**DIRECTIONS**
From the records below, please print only the lines from the one containing "I hope that" through the one containing "So everything I've", both included. Skip the pictures.

**INFORMATION SHOWN**
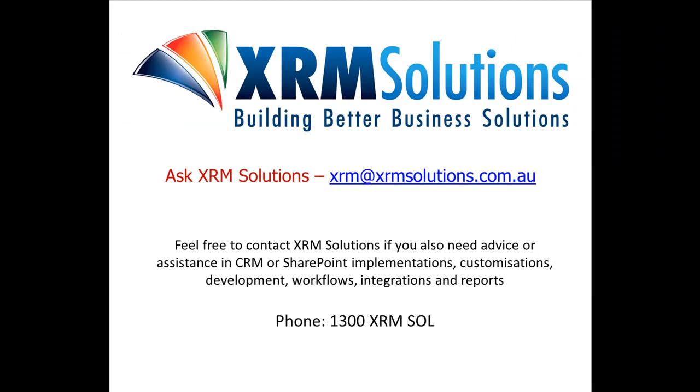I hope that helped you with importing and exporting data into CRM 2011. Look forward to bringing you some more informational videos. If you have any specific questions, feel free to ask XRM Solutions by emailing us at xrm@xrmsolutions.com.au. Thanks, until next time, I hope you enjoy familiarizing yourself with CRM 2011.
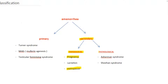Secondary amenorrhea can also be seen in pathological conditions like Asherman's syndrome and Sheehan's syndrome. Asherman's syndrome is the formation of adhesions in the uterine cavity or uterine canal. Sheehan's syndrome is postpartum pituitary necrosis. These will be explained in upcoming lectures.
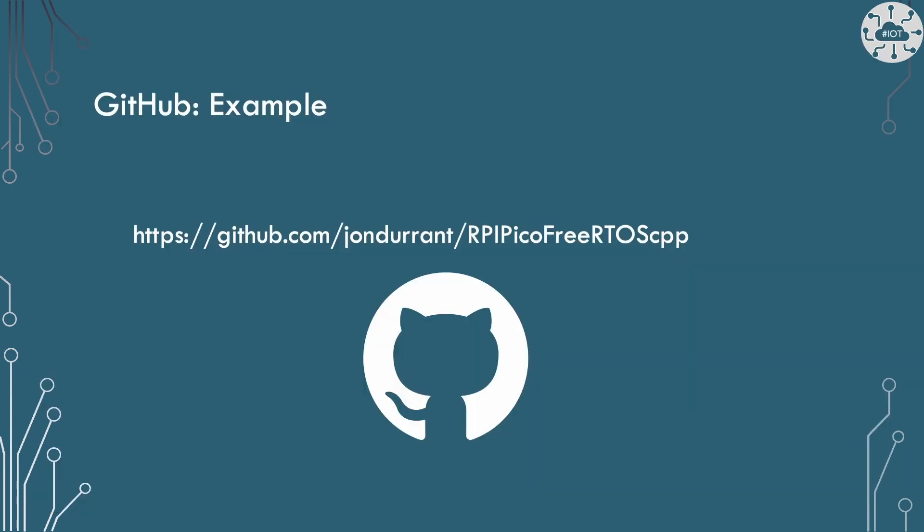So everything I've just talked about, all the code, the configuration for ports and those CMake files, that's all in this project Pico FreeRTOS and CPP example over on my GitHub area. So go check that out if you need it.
--
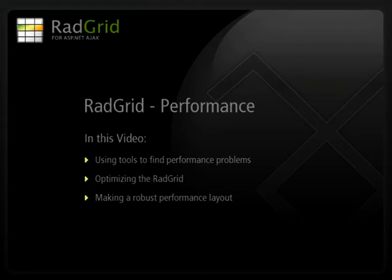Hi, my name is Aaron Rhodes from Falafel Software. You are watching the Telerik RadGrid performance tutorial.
...
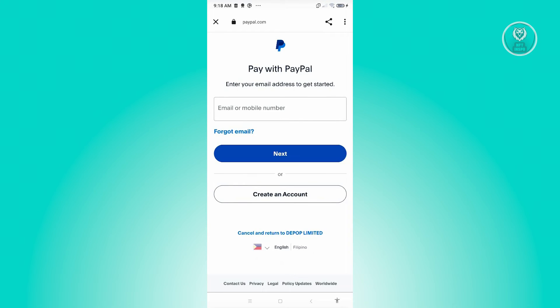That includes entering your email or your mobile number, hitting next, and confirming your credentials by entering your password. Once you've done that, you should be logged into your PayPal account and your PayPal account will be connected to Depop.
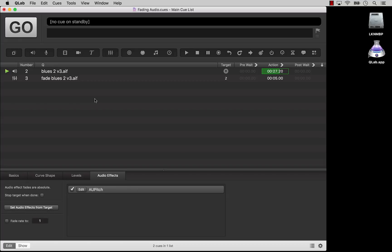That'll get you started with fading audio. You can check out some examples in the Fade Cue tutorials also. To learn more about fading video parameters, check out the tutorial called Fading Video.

**EXERCISE SOLUTION**
I hope that helped you with importing and exporting data into CRM 2011. Look forward to bringing you some more informational videos. If you have any specific questions, feel free to ask XRM Solutions by emailing us at xrm@xrmsolutions.com.au. Thanks, until next time, I hope you enjoy familiarizing yourself with CRM 2011.
Secondary amenorrhea can also be seen in pathological conditions like Asherman's syndrome and Sheehan's syndrome. Asherman's syndrome is the formation of adhesions in the uterine cavity or uterine canal. Sheehan's syndrome is postpartum pituitary necrosis. These will be explained in upcoming lectures.
So everything I've just talked about, all the code, the configuration for ports and those CMake files, that's all in this project Pico FreeRTOS and CPP example over on my GitHub area. So go check that out if you need it.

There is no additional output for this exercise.